Exercise: The answer is the full listing restated exactly, without any pictures.

Collected data:
[Start of section]
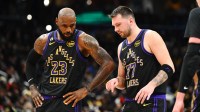 Los Angeles Lakers forward/guard Luka Doncic (77) talks with Los Angeles Lakers forward LeBron James (23) against the Washington Wizards during the second half at Capital One Arena.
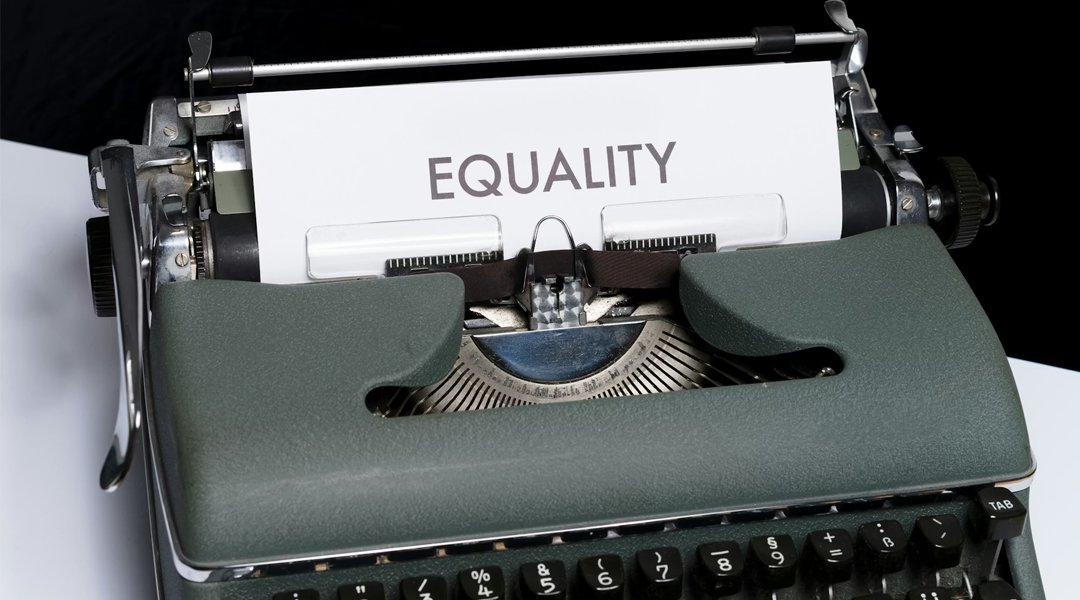 A typical printer types a word Technological Equality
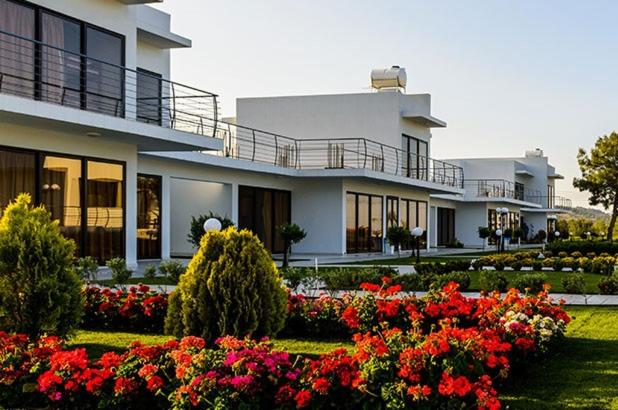 a large white building with flowers in front of it at Cosmopolis Multi-Venue in Larnaca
[End of section]
The completed task:
 Los Angeles Lakers forward/guard Luka Doncic (77) talks with Los Angeles Lakers forward LeBron James (23) against the Washington Wizards during the second half at Capital One Arena.
 A typical printer types a word Technological Equality
 a large white building with flowers in front of it at Cosmopolis Multi-Venue in Larnaca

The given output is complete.